═══ DATA IN THIS EXERCISE

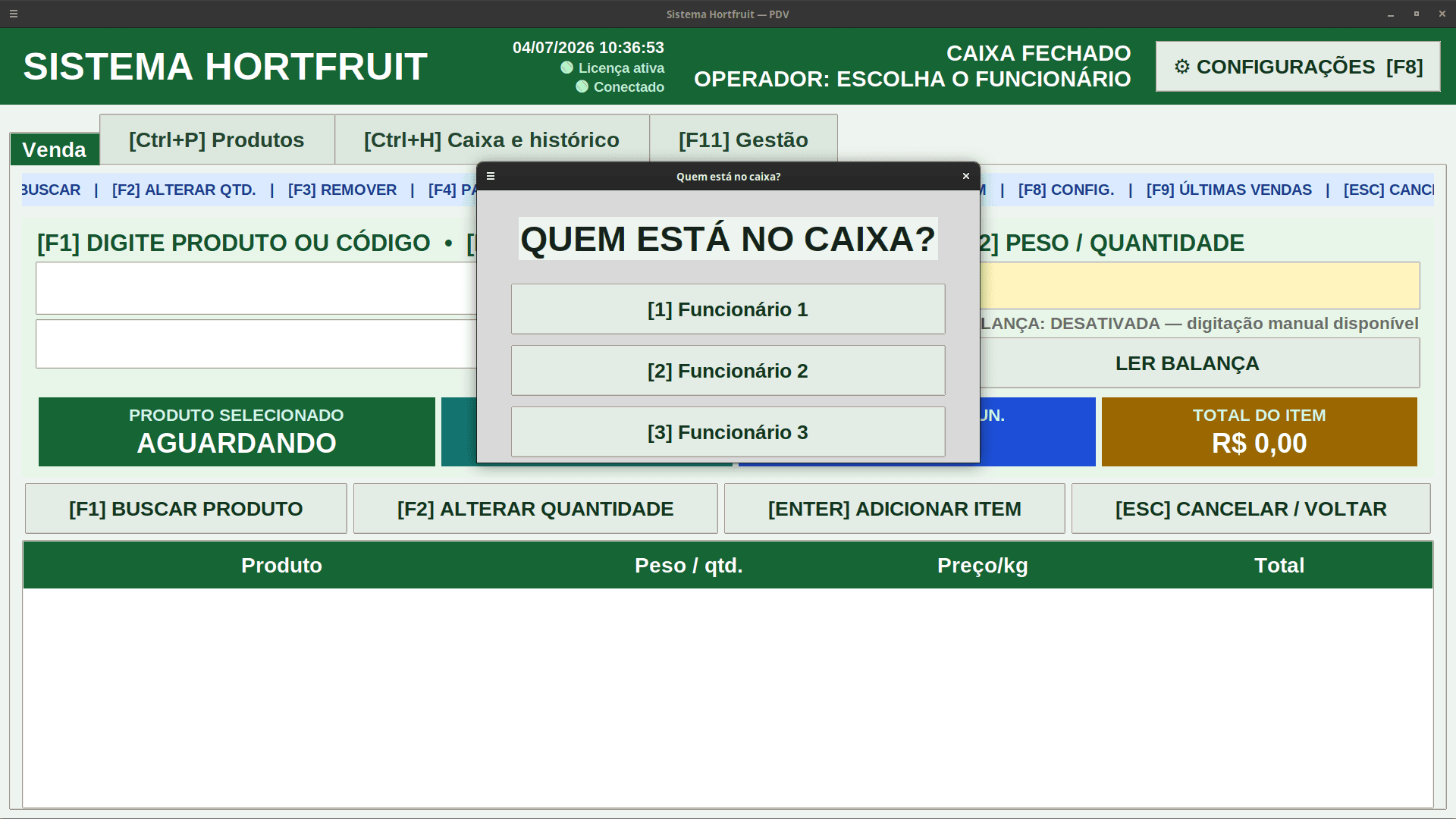 Login do Sistema Hortifruti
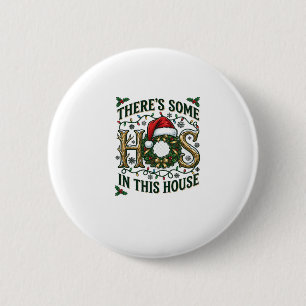 Badge Rond 5 Cm Couronne de Noël de Hos House Chapeau de Père Noël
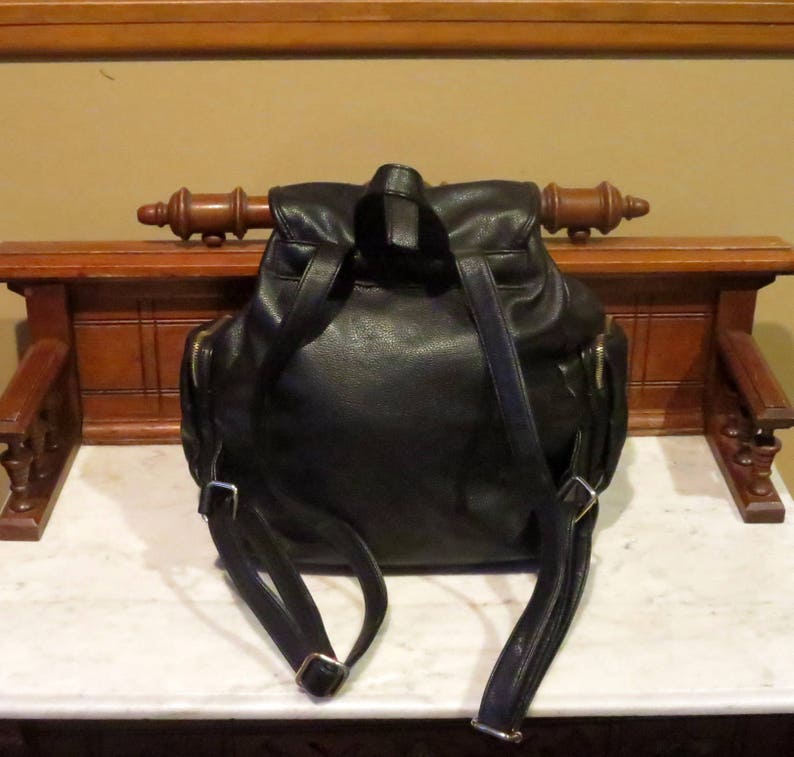 Vintage Black Leather Backpack With Silver Tone Hardware Etsy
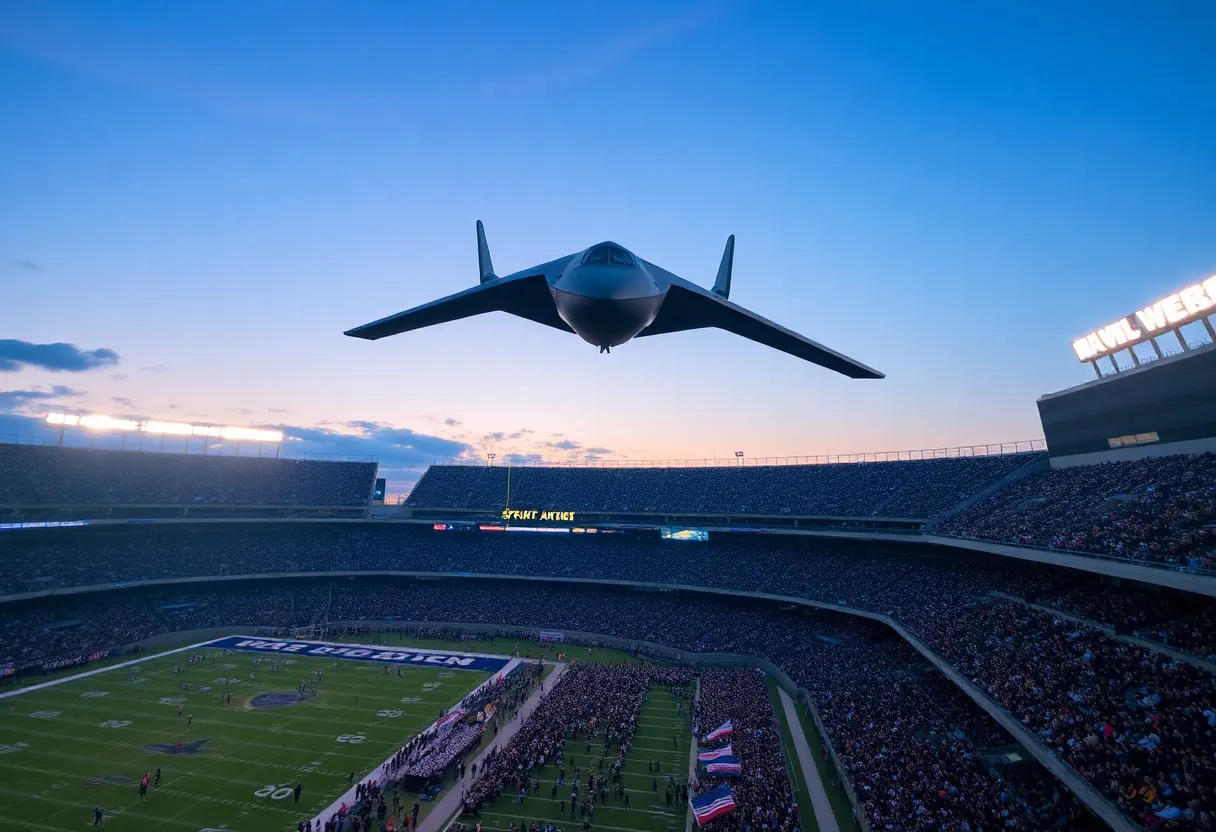 B-2 Spirit stealth bomber flying over a football stadium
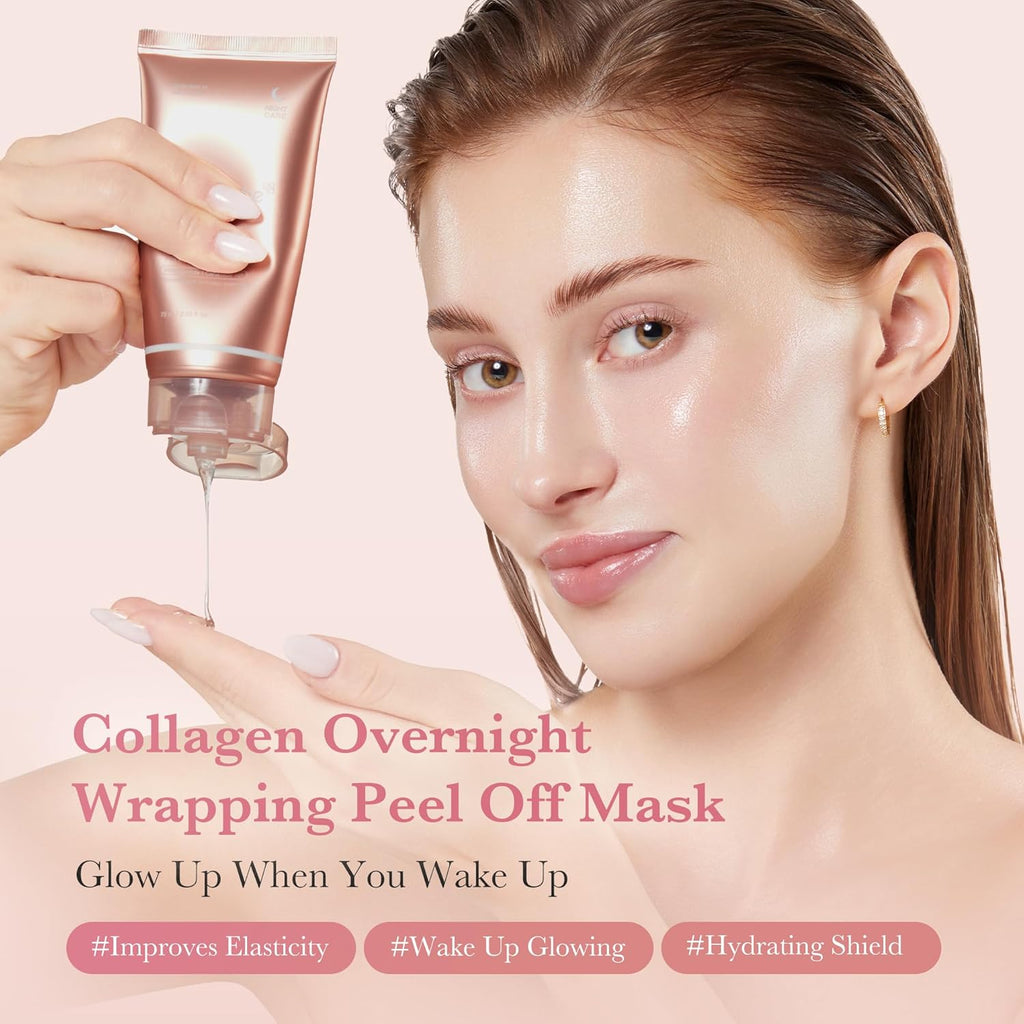 Medicube Collagen Overnight Wrapping Peel Off Facial Mask Pack of 2 – Korean collagen night mask for firming and glowing skin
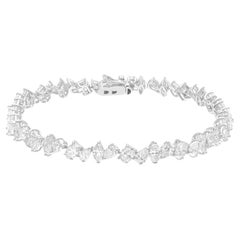 Pulsera de varios diamantes naturales de 9,67 quilates de oro blanco de 18 quilates Joyería hecha a mano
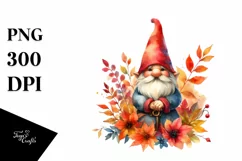 Washed Vibrant Autumn Gnome PNG Product Image 1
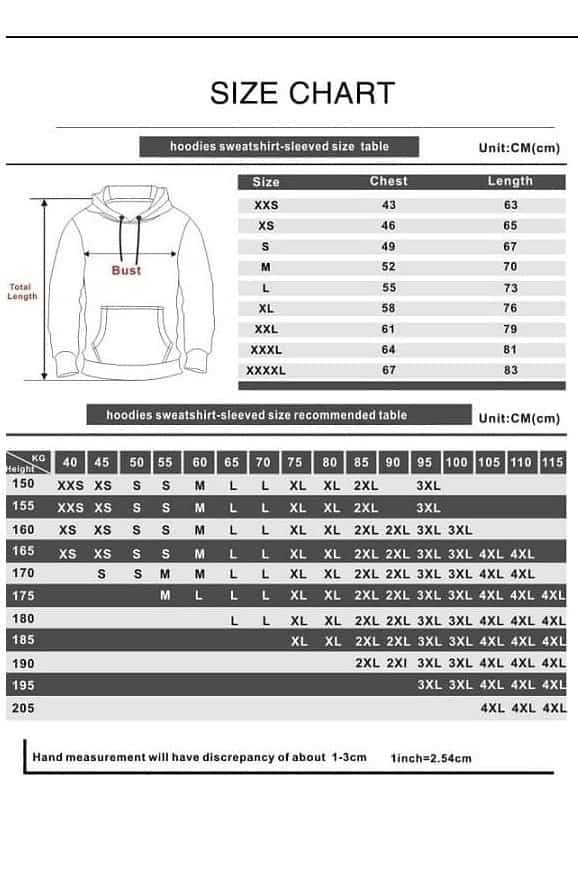 Hoodie sweatshirt size chart for Kpop merch, black and white text showing sizing for various heights and measurements.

══════

INSTRUCTIONS FOR THE TASK:
The material above should be returned exactly, without pictures.

REPLY TO THE EXERCISE:
 Login do Sistema Hortifruti
 Badge Rond 5 Cm Couronne de Noël de Hos House Chapeau de Père Noël
 Vintage Black Leather Backpack With Silver Tone Hardware Etsy
 B-2 Spirit stealth bomber flying over a football stadium
 Medicube Collagen Overnight Wrapping Peel Off Facial Mask Pack of 2 – Korean collagen night mask for firming and glowing skin
 Pulsera de varios diamantes naturales de 9,67 quilates de oro blanco de 18 quilates Joyería hecha a mano
 Washed Vibrant Autumn Gnome PNG Product Image 1
 Hoodie sweatshirt size chart for Kpop merch, black and white text showing sizing for various heights and measurements.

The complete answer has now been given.